**The data:**
══════

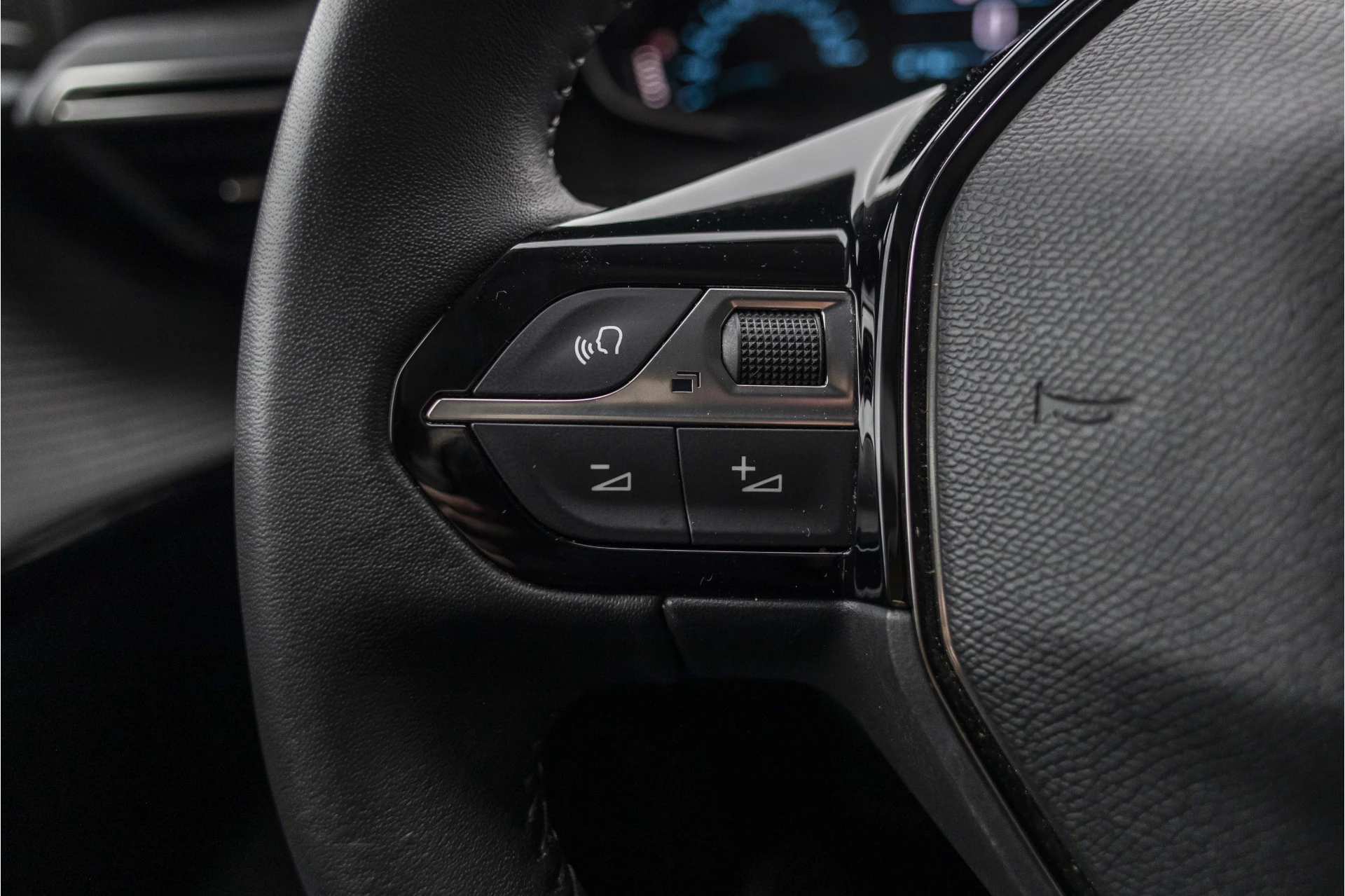 Hoofdafbeelding Peugeot e-208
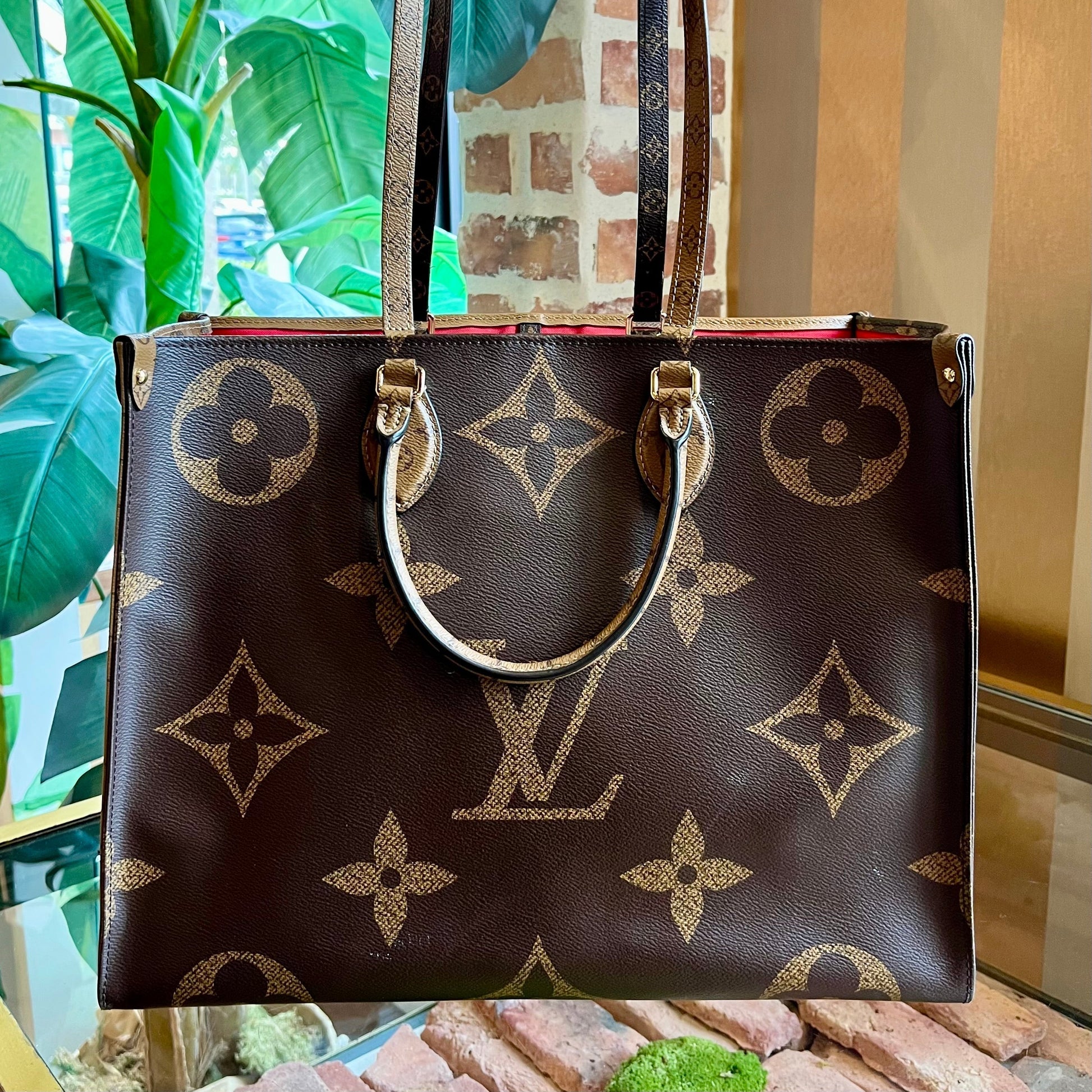 LOUIS VUITTON Onthego GM Reverse Giant Monogram Tote - Tote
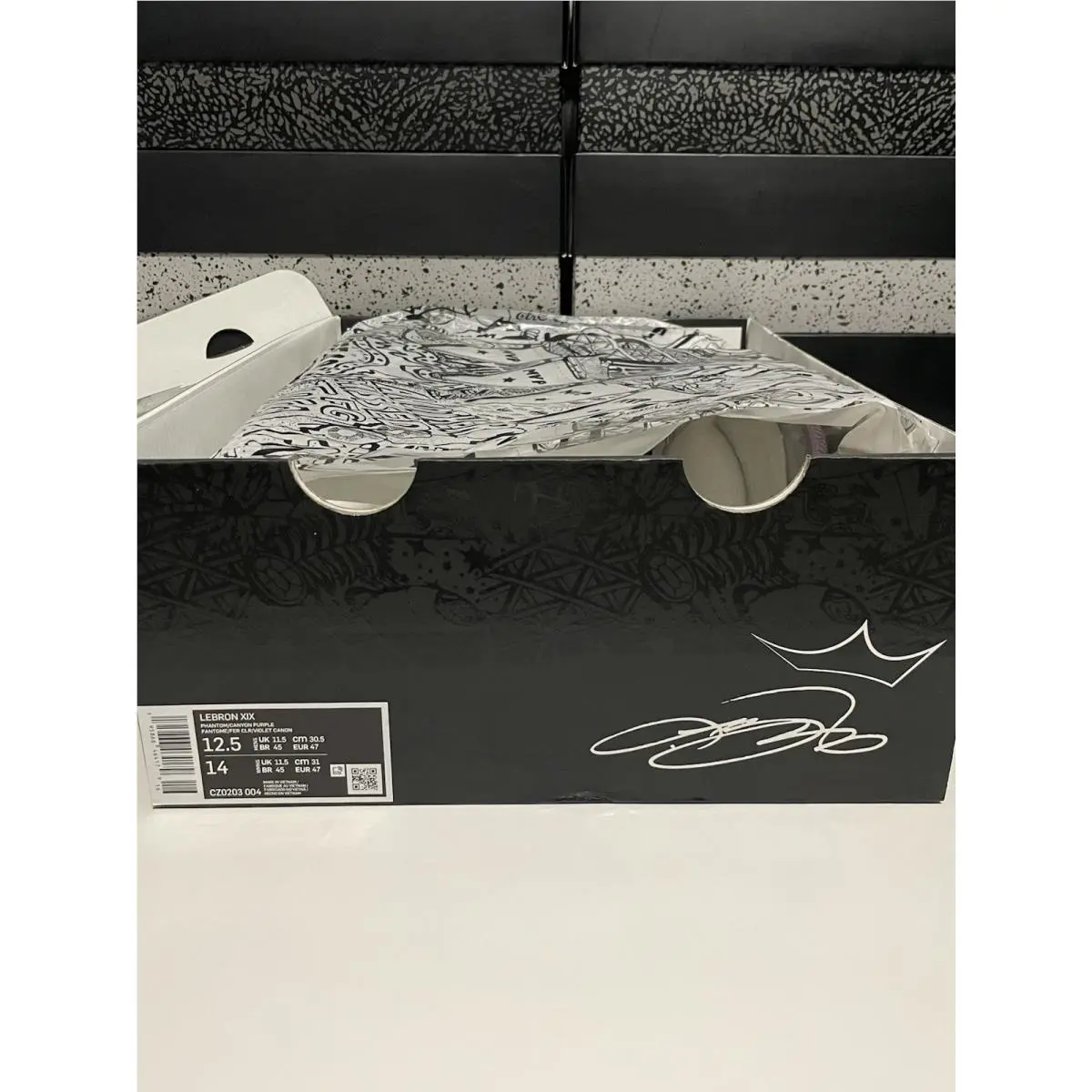 Nike shoes - Nike LeBron XIX 19 - LeBron XIX - CZ0203-004 - Phantom/Canyon Purple (UPC: 0195866464179) 4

══════

**Aim of the exercise:**
All of the data gets printed again exactly; the pictures do not.

**Result of this task:**
 Hoofdafbeelding Peugeot e-208
 LOUIS VUITTON Onthego GM Reverse Giant Monogram Tote - Tote
 Nike shoes - Nike LeBron XIX 19 - LeBron XIX - CZ0203-004 - Phantom/Canyon Purple (UPC: 0195866464179) 4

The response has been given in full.